Ward moved to Wyoming in 2021, describing herself as “a political refugee from fascist Illinois” in her 2022 campaign announcement.
She said just as the businesses that sponsor Casper Pride Fest have a right to free speech, so does she.
“I have a First Amendment right to not buy from them, to speak out regarding issues they support with which I disagree and encourage others to do the same,” Ward said.
But she also said that a business that “promotes sexually explicit material to children, or encourages or practices the mutilation of children” should not be allowed in Wyoming.
Abesames said Wind City hasn’t had a noticeable change in business since Ward enacted her boycott.

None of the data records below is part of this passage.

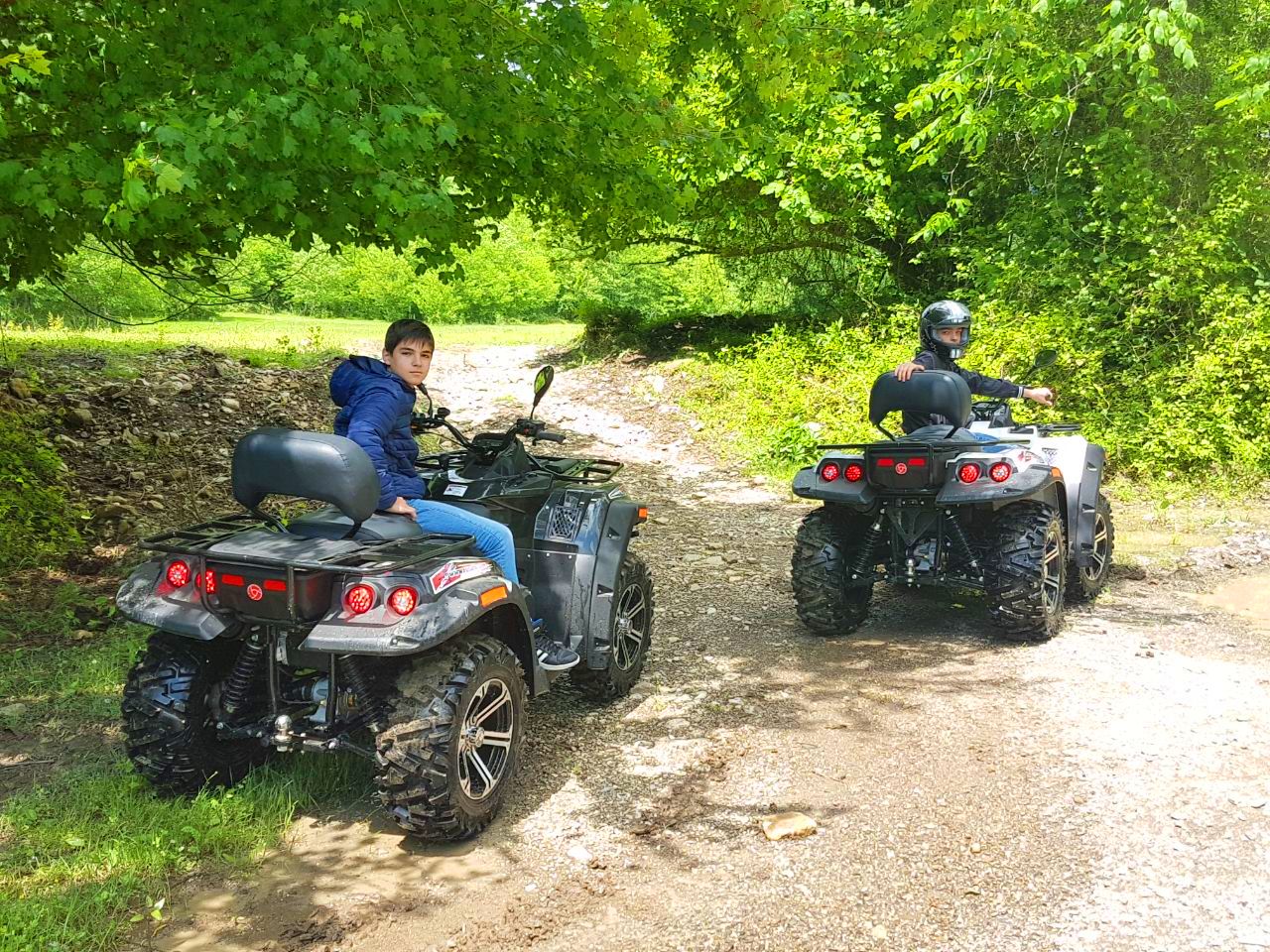 Экскурсии в Лоо катание на квадроциклах по горам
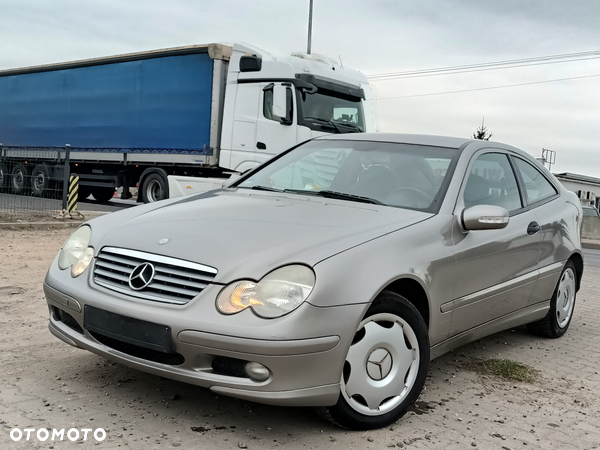 Mercedes-Benz Klasa C 180 Kompressor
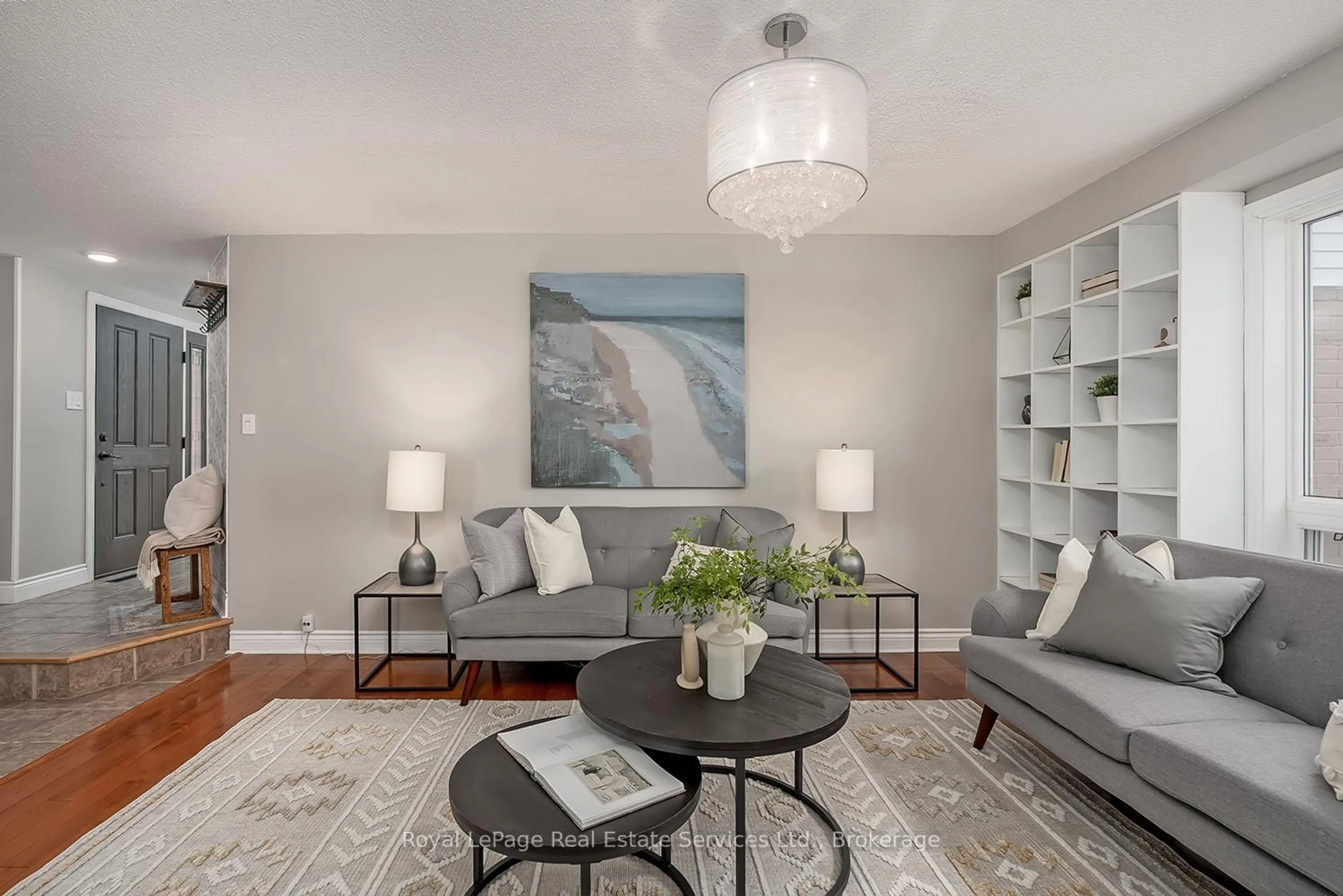 Living room with furniture, unknown for 1544 Greenbriar Dr, Oakville Ontario L6M 1Y5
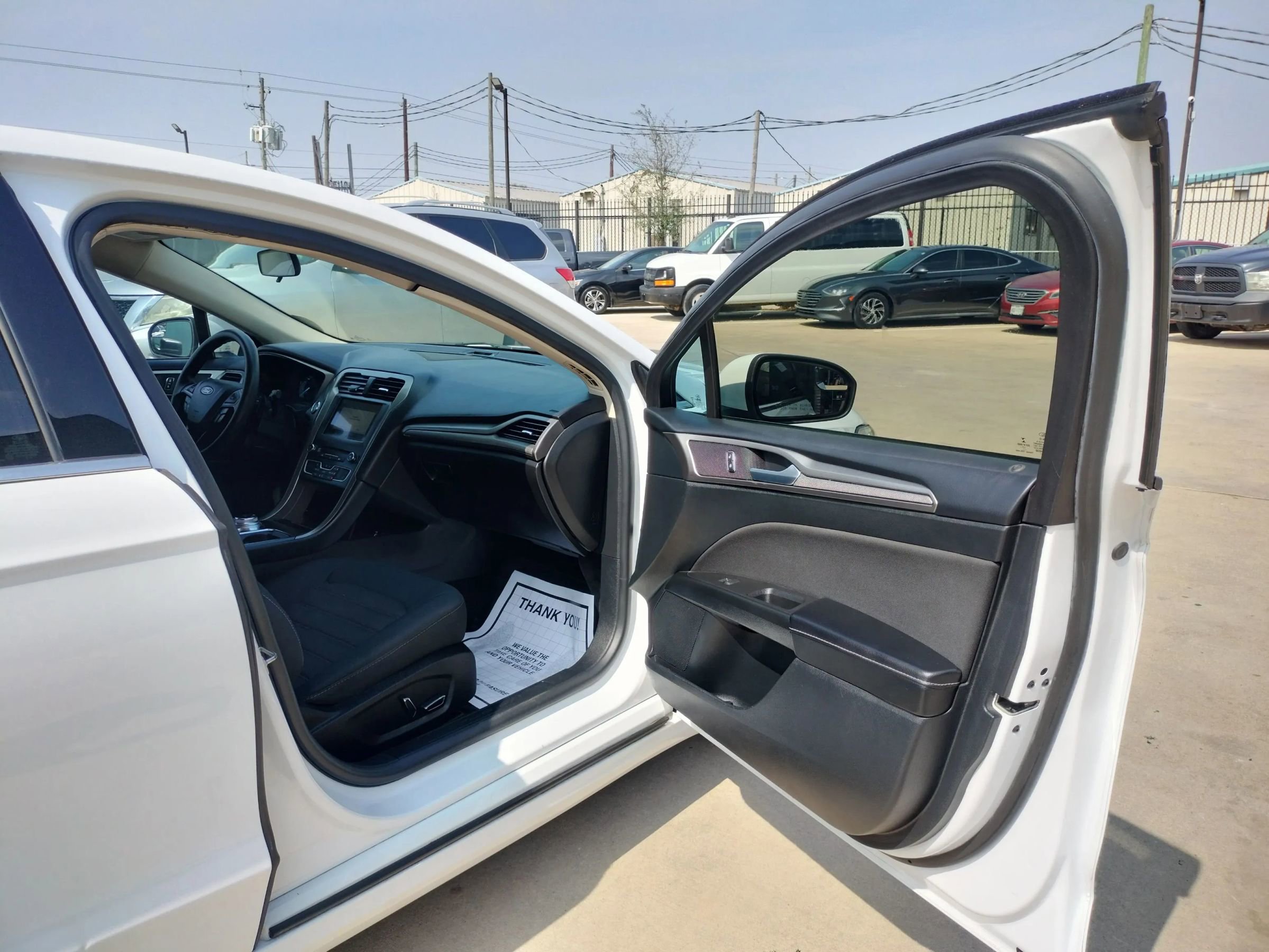 Used 2018 Ford Fusion SE w/ Fusion SE Technology Package image 26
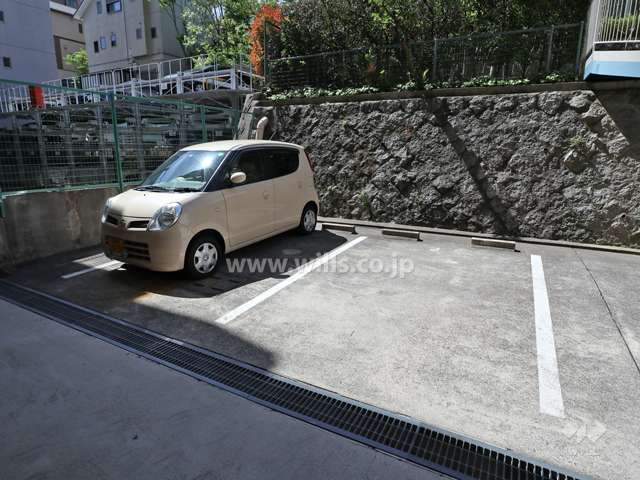 敷地内駐車場(屋外平面式)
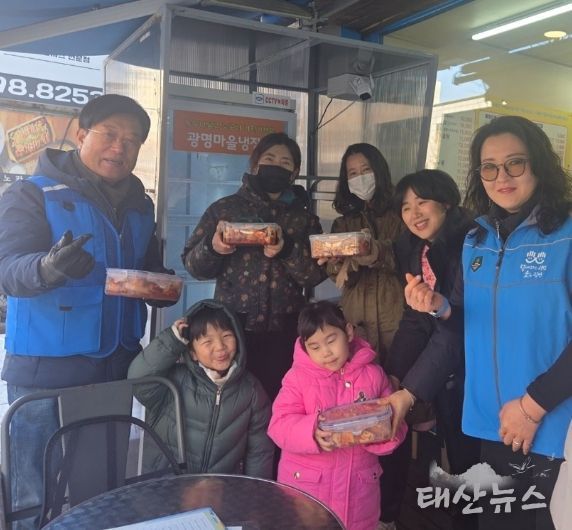 광명시 광명6동 지역사회보장협의체는 지난 5일 관내 꿈나무 어린이집 원아들이 직접 담근 김치를 마을냉장고에 기부하는나눔 행사를 진행했다.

On the national stage, recent boycotts have had profound impacts on businesses that have shown support for certain LGBTQ issues.
The beer brand Bud Light received significant backlash and calls for a boycott after making a commemorative can with transgender influencer Dylan Mulvaney on it earlier this spring.
In the week ending June 3, Bud Light's sales revenue was down 24% compared to the same week a year ago, Newsweek reports.
Target also was targeted by boycotts after the company put out pride displays that featured items such as “tuck-friendly” women’s swimsuits.
The retailer recently suffered nine straight days of losses on the heels of backlash from both sides of the issue and finished the week with another losing streak.
Entering last Friday, Target’s stock value had fallen roughly 3.1% in the five days prior after plummeting about 18.5% the last month.